• MATERIAL PROVIDED:
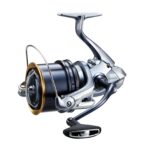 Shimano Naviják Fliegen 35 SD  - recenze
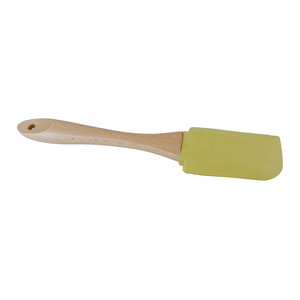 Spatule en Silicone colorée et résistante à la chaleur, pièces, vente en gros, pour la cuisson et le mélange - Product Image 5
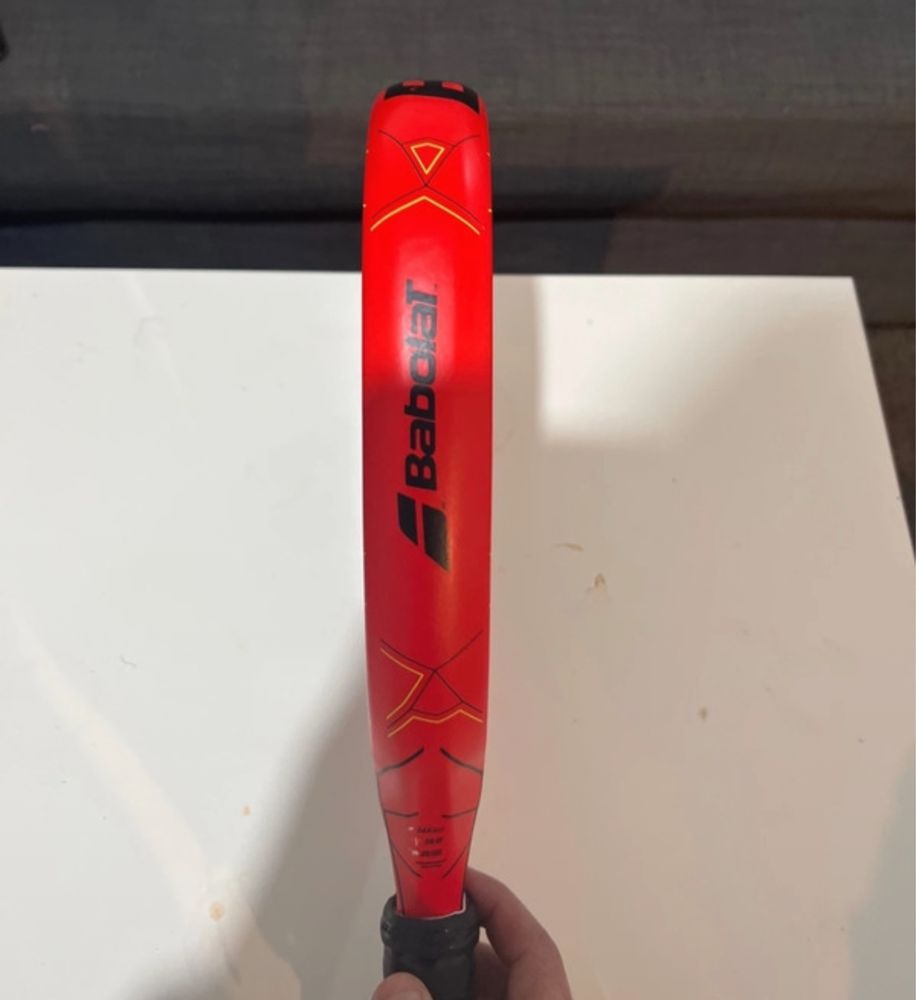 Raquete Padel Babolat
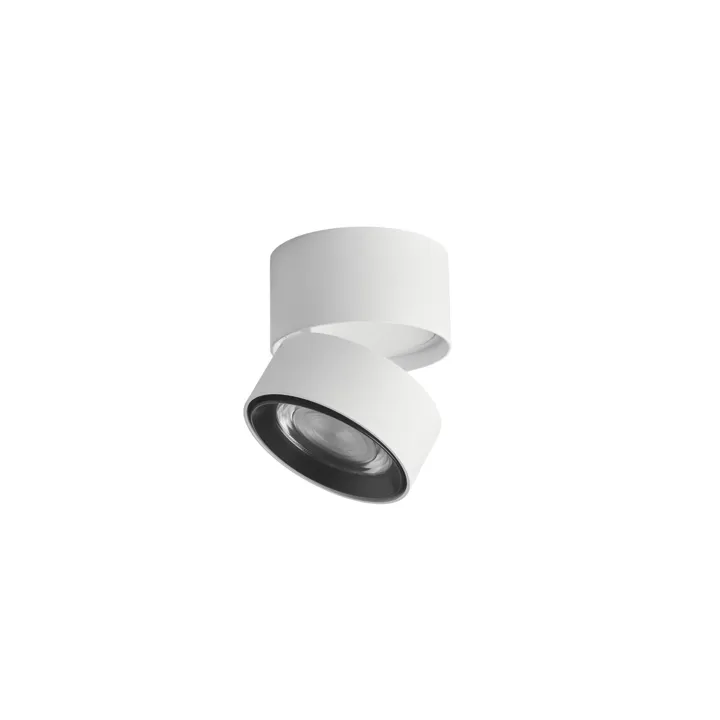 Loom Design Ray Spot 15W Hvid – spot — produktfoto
---
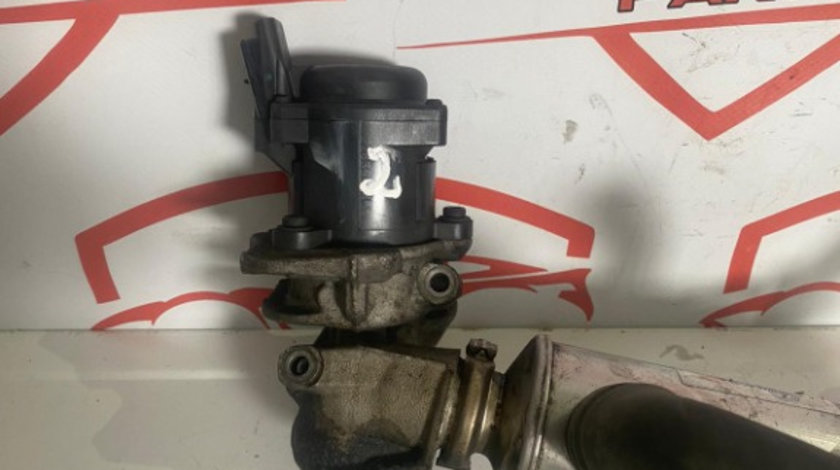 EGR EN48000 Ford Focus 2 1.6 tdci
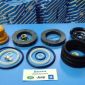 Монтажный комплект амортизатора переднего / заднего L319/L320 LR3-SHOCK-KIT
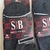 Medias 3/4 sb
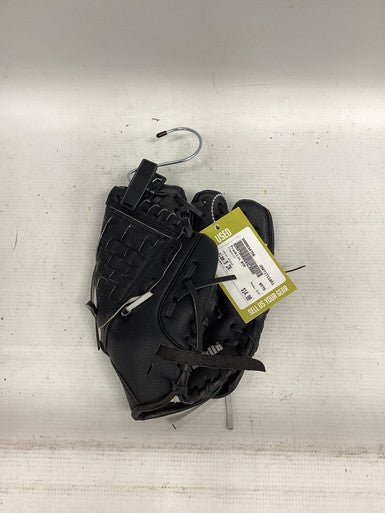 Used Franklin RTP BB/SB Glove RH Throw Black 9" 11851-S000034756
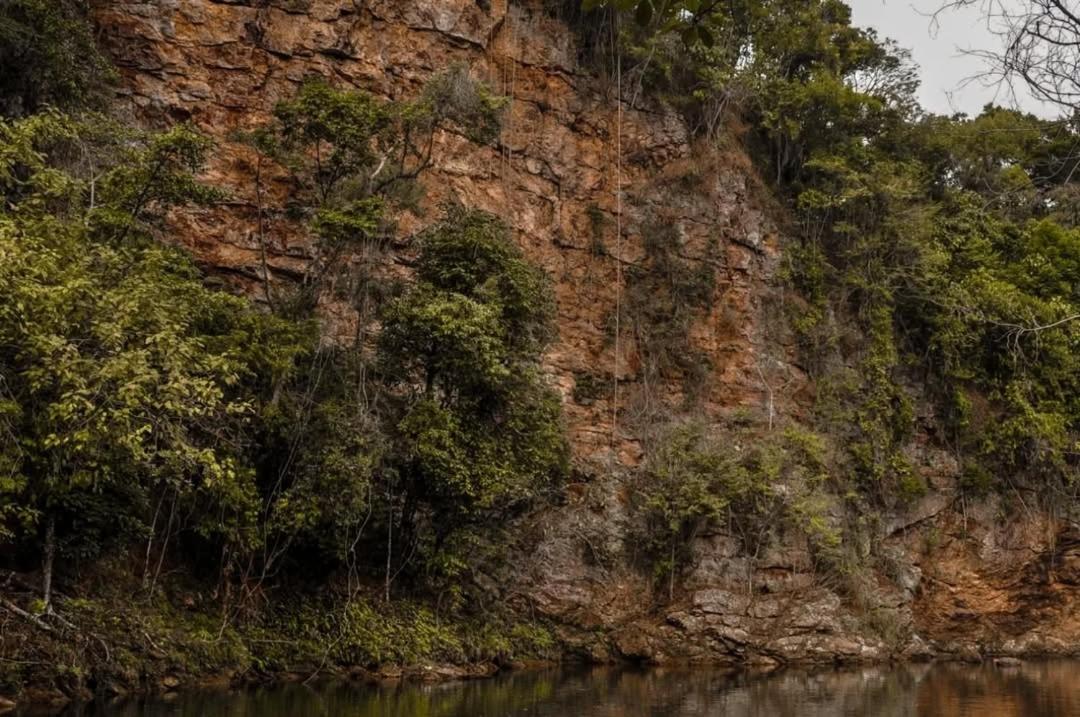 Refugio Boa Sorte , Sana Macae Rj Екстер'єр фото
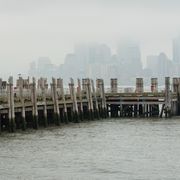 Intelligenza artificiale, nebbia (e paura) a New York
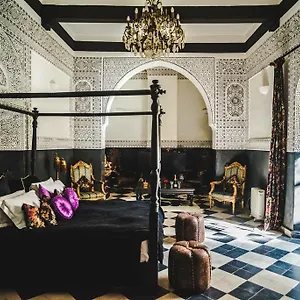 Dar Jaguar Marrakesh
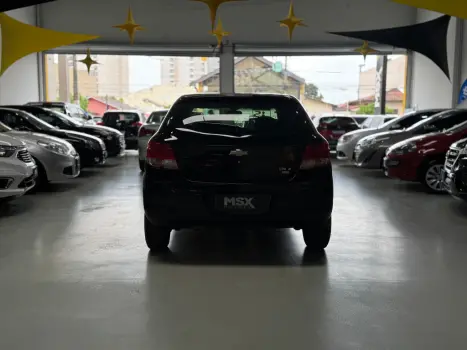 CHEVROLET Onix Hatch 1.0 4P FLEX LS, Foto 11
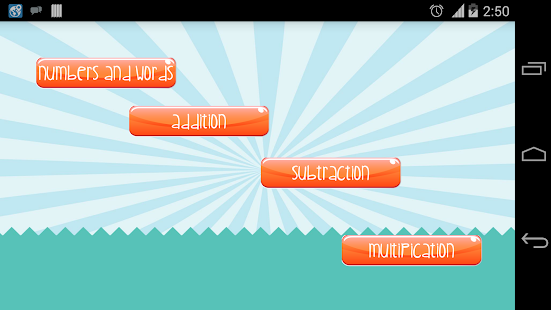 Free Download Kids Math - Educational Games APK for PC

• REQUIRED WORK: Exactly the lines starting at the one above with "Refugio Boa Sorte" and ending at the one with "Free Download Kids" should be printed, and nothing else. Omit the pictures.

• TASK OUTPUT:
 Refugio Boa Sorte , Sana Macae Rj Екстер'єр фото
 Intelligenza artificiale, nebbia (e paura) a New York
 Dar Jaguar Marrakesh
 CHEVROLET Onix Hatch 1.0 4P FLEX LS, Foto 11
 Free Download Kids Math - Educational Games APK for PC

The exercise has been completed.